Just got my P21 balancing statement today from revenue saying that instead of me getting a few quid back I actually owe them money

Looking at the P21 balancing statement the underpayment is appearing against my 2015 PAYE

My only income is from my salary and my tax credits are just for the usual standard items - nothing additional

How can this be - don't understand this.  How could I not have paid enough PAYE as that deducted via payroll

Anyone able to explain this for me please ?
Thanks


----------



## GabbyTheKing (21 Feb 2017)

Happens. Make sure they gave you all your tax credits. Look at the P60's tax credits and compare the two. Alot will depend on your circumstances. Maybe your employer gave you too many TC's. Very often happens especially with married couples.


----------



## Protocol (21 Feb 2017)

Check your tax credits and SRCOP.

Post them here if you like, to be checked.


----------



## jdwex (22 Feb 2017)

Were your pay and tax details pre-entered on the online form or did you enter from your P60?
(oops, just see  now it was 2015, not 2016)


----------



## Fire away (28 Feb 2017)

Applied for p21 Balance 6 days ago by paperless. Still not up on revenue.ie anybody know how long they take to appear? Website is just telling me phone revenue?


----------



## Passport1 (1 Mar 2017)

Fire away said:


> Applied for p21 Balance 6 days ago by paperless. Still not up on revenue.ie anybody know how long they take to appear?
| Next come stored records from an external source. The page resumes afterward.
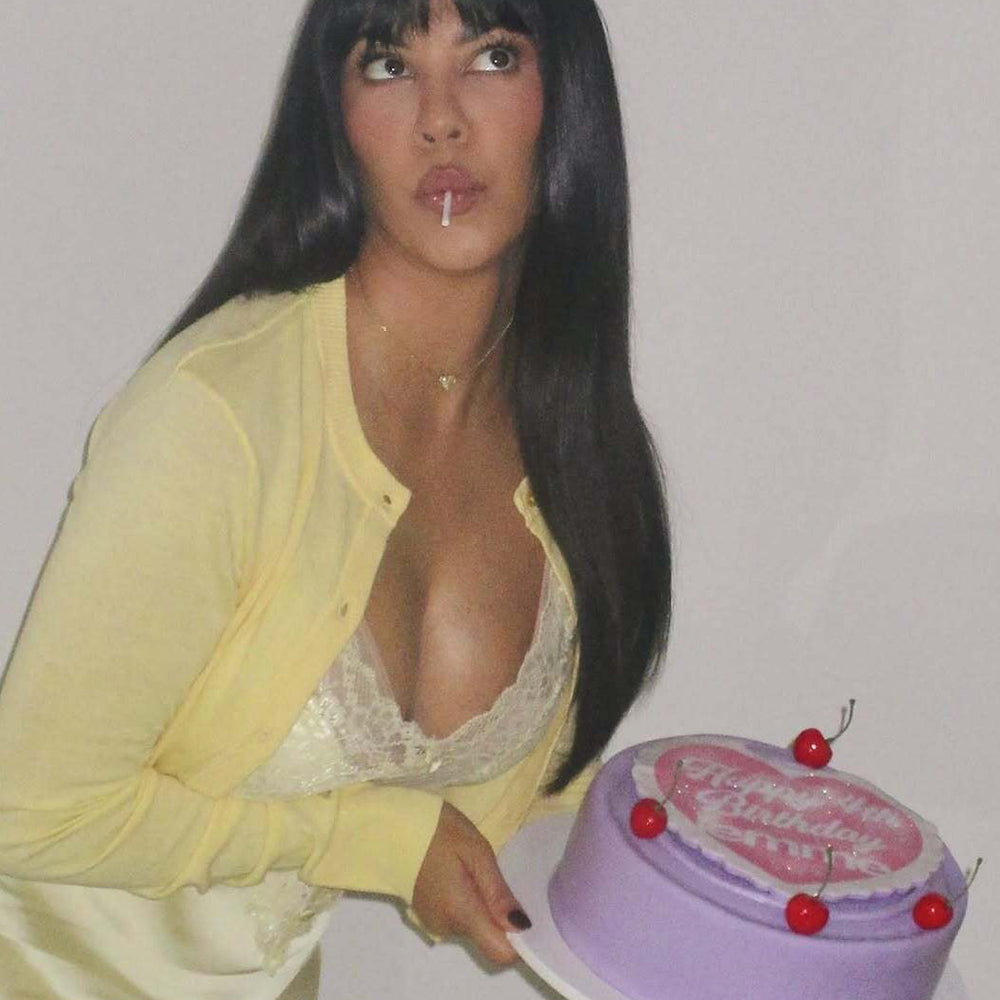 A woman with long black hair poses while holding a lavender birthday cake decorated with cherries on a white background.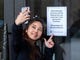 Kunyanatt Chalothorn from Thailand takes a selfie with a closure sign at the entrance to the Smithsonian American Indian Museum in Washington, DC on Jan. 2, 2019.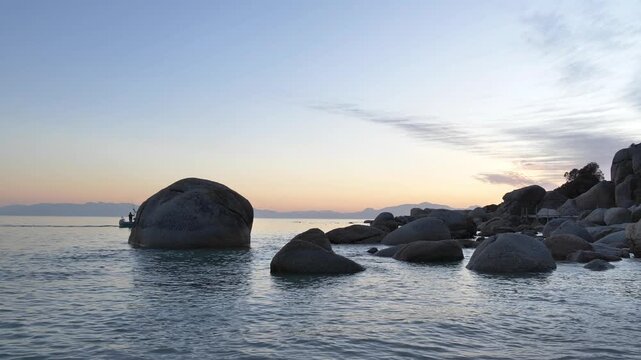 Fishing boat motors homeward through a serene coastal dawn, where smooth boulders rise from the glassy water and a soft golden light spills across the rocky shoreline at Millers Point, Simon's Town.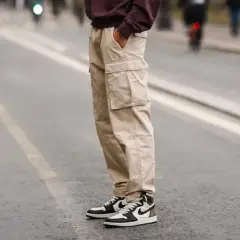 Un homme porte un pantalon cargo beige et une chaussure de sport iconique, prêt pour une journée en ville.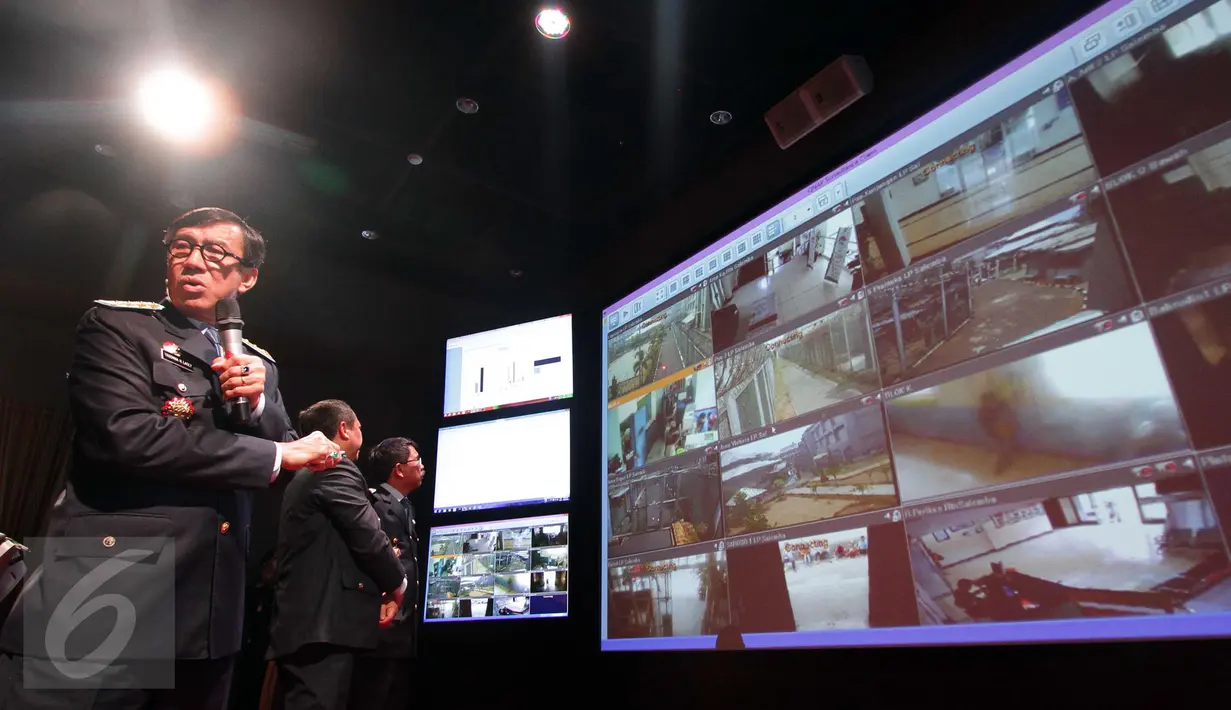 Menkumham Yasonna H Laoly (kiri) melihat layar yang menunjukkan tayangan langsung kamera CCTV di sejumlah Lapas di Control Room Kami Pasti di Gedung Kemenkumham, Jakarta, Jumat (30/10). (Liputan6.com/Helmi Afandi)
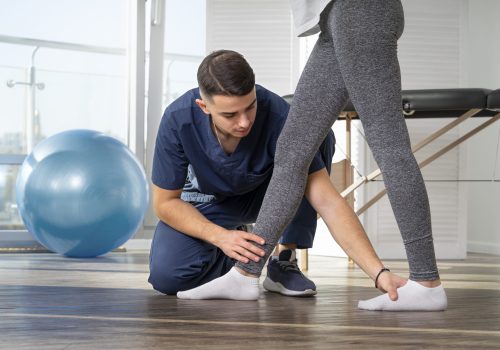 close-up-physiotherapist-helping-patient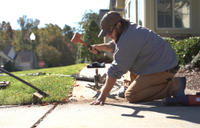CFI installing poly to level concrete sidewalk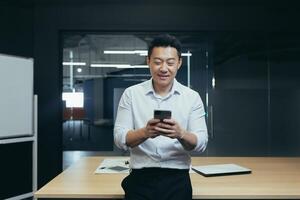 A smiling young Asian businessman is standing in the office at a desk and using a mobile phone, writing a message, searching for information on the Internet, checking social networks. photo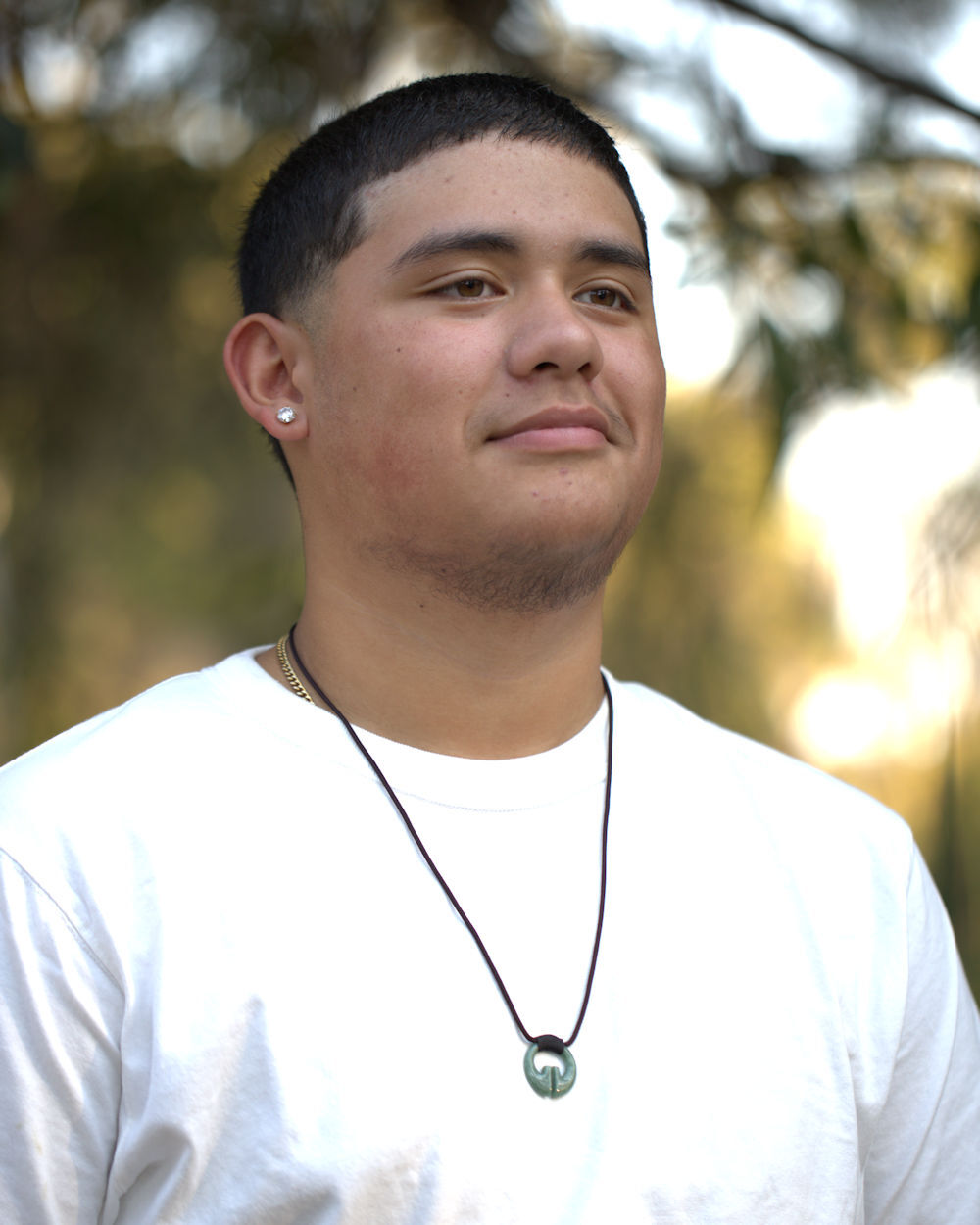 Young man wearing the Jade Kalinga Ling-Ling-O Necklace for our photoshoot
Website is just telling me phone revenue?



Hi Fireaway
I submitted mine online on a Thursday morning and P21 balancing statement was there the following Monday


----------



## geri (1 Mar 2017)

Passport1 - you should phone revenue and ask them to explain.  I submitted rental income returns for my self and my partner, and when the balancing statement came out, the tax bill for my partner was unexpectedly large.  He phoned immediately and queried.  It turns out they had made an error in their calculations.  I seem to remember he had been charged an incorrect tax rate.  The re-issued the statement the next day, with the bill reduced by 2000 euro.  Its worth checking up.


----------



## Passport1 (5 Mar 2017)

Thanks all for the replies and information


----------



## Fire away (21 Mar 2017)

Anybody know how long it takes money to hit bank account after you receive p21?


----------